I've also never seen a formal statement of the requirements that SCL
is trying to solve, so perhaps neither knows what the other is about.
I've tried to write my requirements in a form that would enable someone
to understand them, and the motivation and direction of my angle on the
project. That's why I bothered writing the XCL spec.

[...]
>> Concepts exist in our heads. Names are identifiers for concepts. I
>> used "concepts" because "names" is too general to convey what I was
>> trying to say.
>
> Well, concepts is a very fuzzy notion, very hard to pin down. 
> Philosophical; best avoided, if you ask me. (For example, in our heads?? 
> My goodness, there is a world of debate in that assumption.) Names, on 
> the other hand, are just pieces of syntax.

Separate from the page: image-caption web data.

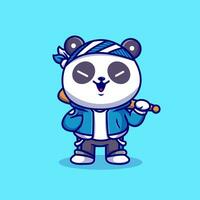 süß Panda Junge mit Baseball Schläger Karikatur Vektor Symbol Illustration. Tier Sport Symbol Konzept isoliert Prämie Vektor. eben Karikatur Stil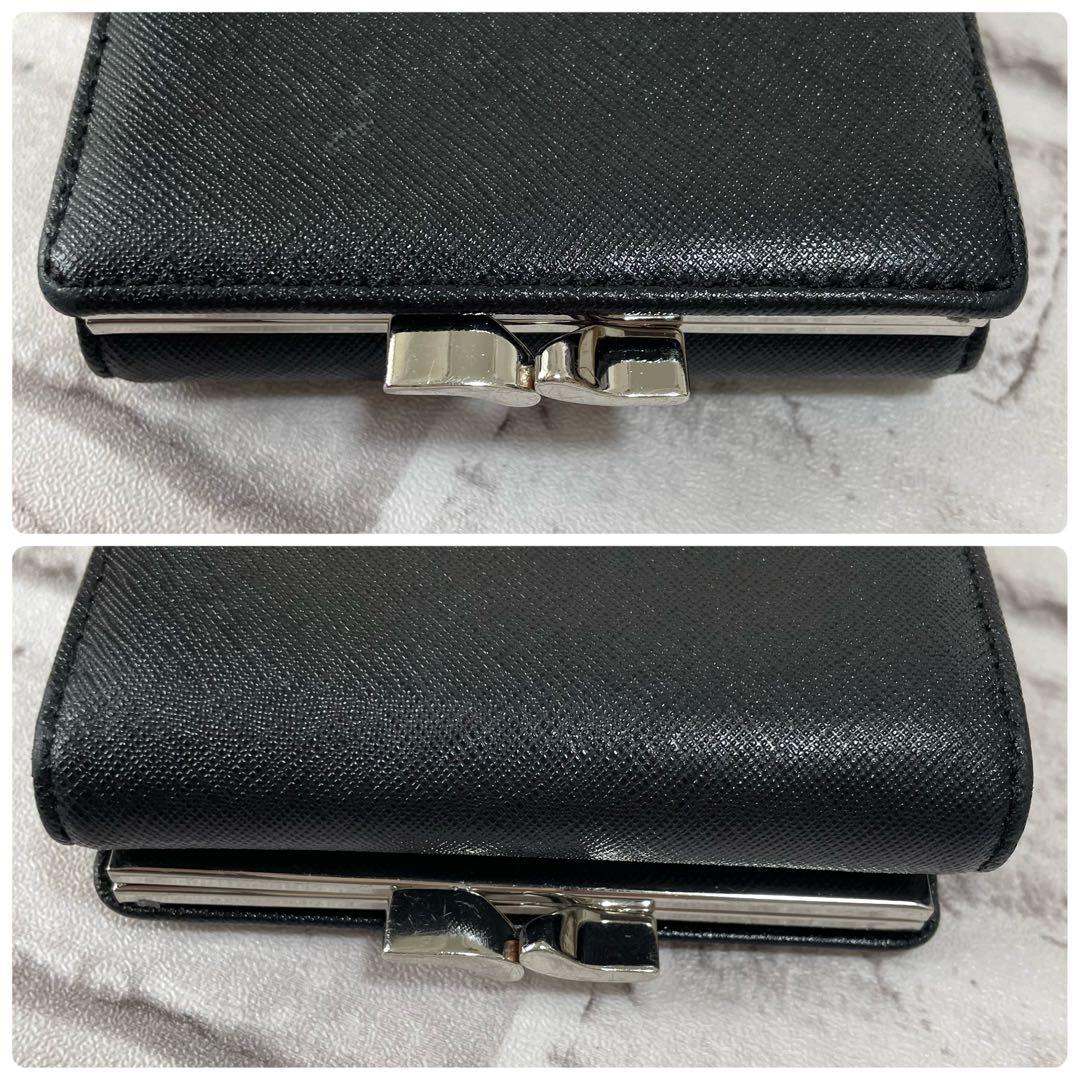 美品✨ヴィヴィアンウエストウッド　3つ折り財布　ディアマンテ　がま口　黒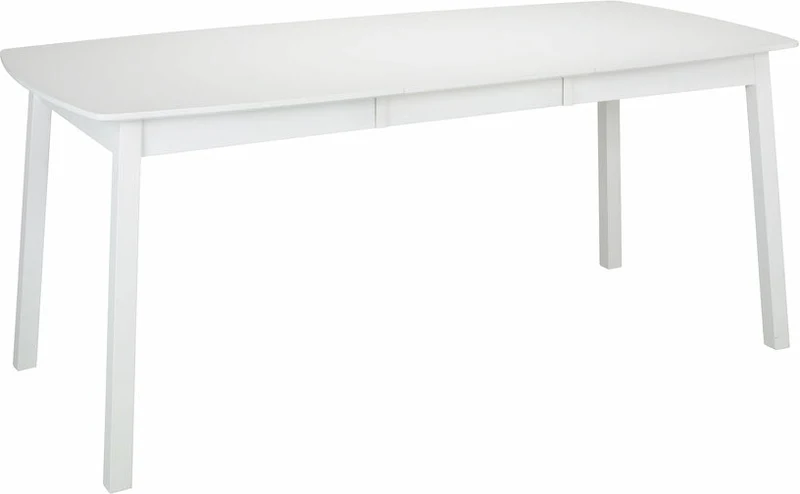 Table ellipse rectangulaire en bouleau et MDF blanc 137 x 90 cm Verona - Hans K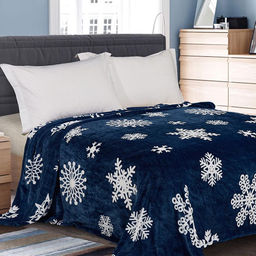 Плед Велсофт набивной - Снежинка 220х200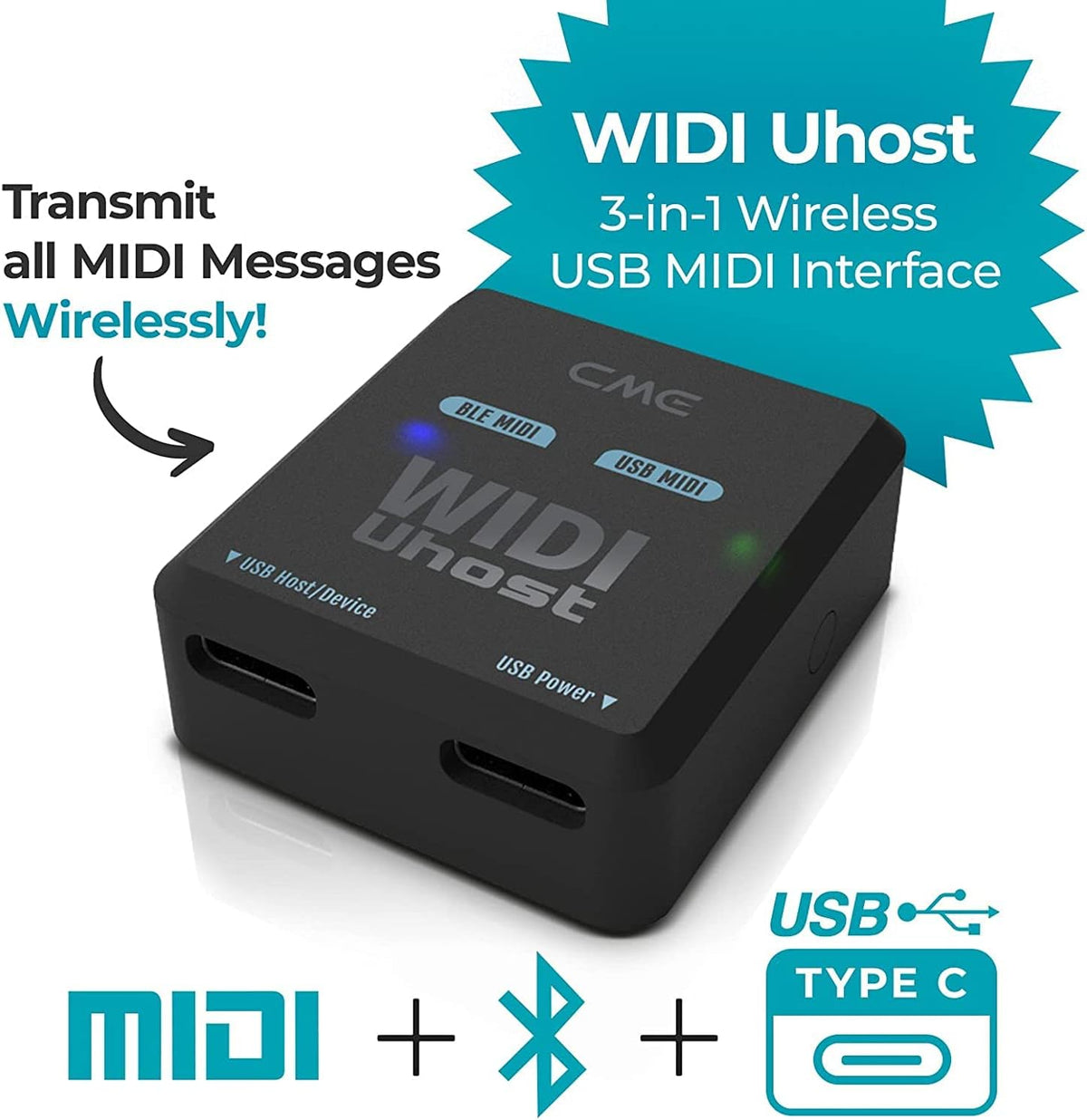 Bluetooth MIDI Adapter for 5-PIN DIN MIDI, Pack of 2 D190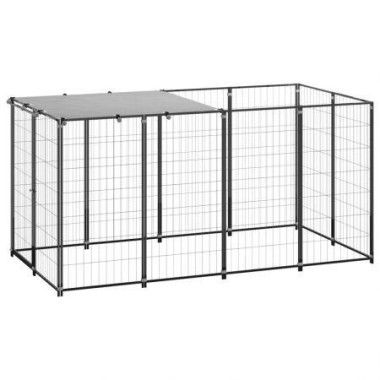 Dog Kennel Black 2.42 mÂ² Steel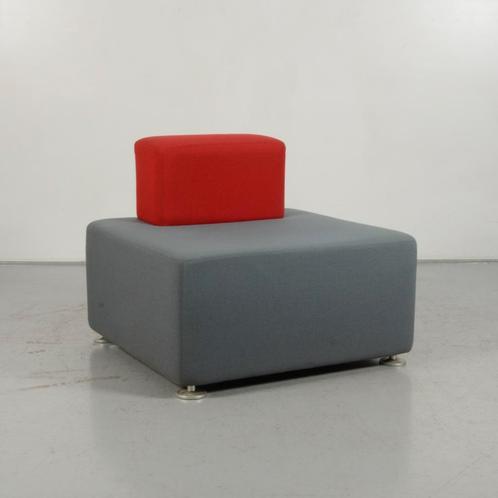 Ontvangstbank Steelcase Cube - Grijs - Rood - 73 x 85 cm, Huis en Inrichting, Zetels | Zetels, Gebruikt, Ophalen of Verzenden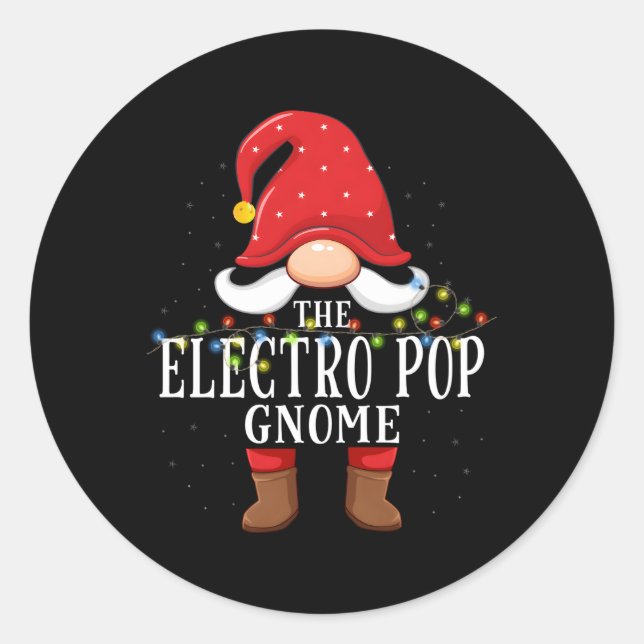 Electro Pop Gnome Family Pajama Classic Round Sticker (Front)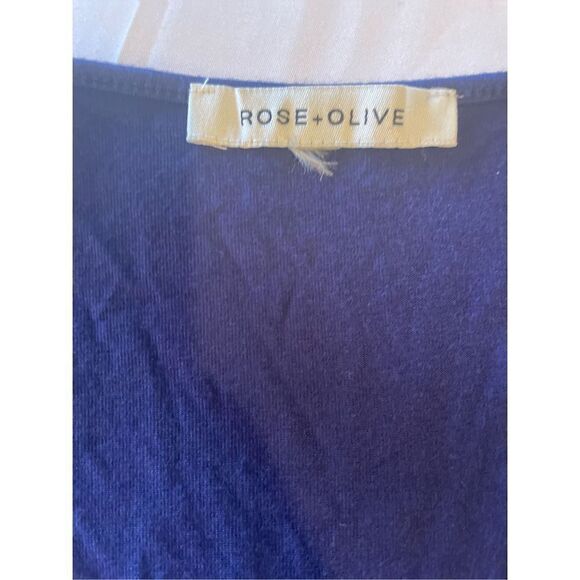 Rose+Olive Women's Scoop Neck Top Striped Button 3/4 Sleeve Shirt Blue Size XL - Picture 6 of 6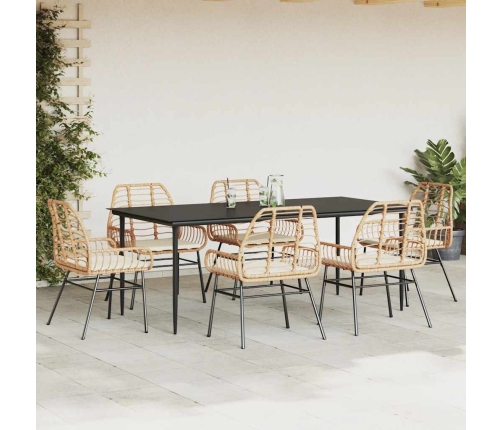 Juego de comedor de jardín 7 pzas con cojines ratán PE marrón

Ah. I guess we'll just have to differ on the philosophy then. I hardly
consider names as just pieces of syntax, nor do I afford them any sense
of being isolated from their interpretation. But from the perspective
of a syntax, okay, they're just identifiers. We'll leave "for what?"
out of it.

[...]
>>> No!  We should not require users to restrict themselves to any 
>>> particular syntax for logical names. If they want to use PSIs, then 
>>> obviously we can allow that; but we must not require it. Similarly 
>>> for URIs.
>>
>> I think we're talking past each other, AFAIK. I'm not trying to restrict
>> anything, I'm trying to open things up.
> 
> What I mean is, that SCL should not require any particular format for 
> identifiers (logical names) . If someone wants to use 'father' (six 
> ascii characters) as a relation name, then the fact that that string 
> isnt a URI or a PSI should not be a barrier to their using it.  Some SCL 
> languages will be web languages, but others will be use in other ways 
> and may have other reasons for imposing their own syntactic conventions 
> on names.

Topic Maps solves this by considering that whatever that "ur" thing
is we're talking about, one can assign it zero or more names, and these
can be in any form whatsoever (even links to external things that can't
be expressed in characters, like graphical icons, images, QuickTime
movies, etc.). If we're still talking some separation between expressed
syntax (XML) and semantics, at the syntactic level things in XML are
referred to generally by identifier. The identifiers (IDs) can be XML name
tokens (which have a restricted syntax, e.g., no whitespace), URIs as
links, query expressions, etc.

>>>> such as
>>>>
>>>>     http://pathayes.org/psi/myPredicates.html#meet
>>>>
>>>> and publish a short document describing the PSI in human-readable
>>>> language (letting the world know what it means)
>>>
>>>
>>> It is unlikely that any such document can possibly capture the formal 
>>> meaning. Again, English comments are a useful feature which we should 
>>> allow as an option, but not require.
>
>> The document at that URL contains an ID "meet". When you point your
>> web browser at that URL, the page loads and the document scrolls
>> down to something called "meet", where there is a definition of what
>> the predicate meet(i,j) means. A formal definition.
>
> This is going outside our topic to some extent, but this account just 
> doesn't work. First, the ways in which browsers should interact with 
> reasoning is highly controversial and labile, and  it would be very 
> inadvisable for us to assume that it will be globally settled in this 
> kind of a way. For one thing, its not clear that SW formalisms will have 
> anything to do with browsers at all; SW engines might use HTTP for 
> completely different purposes. Second, most formal names (predicates or 
> otherwise) simply do not have definitions: the whole idea of a 
> 'definition' does not fit well with logical semantics. Third, even if it 
> had one, there is no utility to be had from writing it in English and 
> making it readable by a human being watching a browser screen: the 
> entire point of the semantic web is that meanings of this kind of markup 
> must be accessible by software, without human invention.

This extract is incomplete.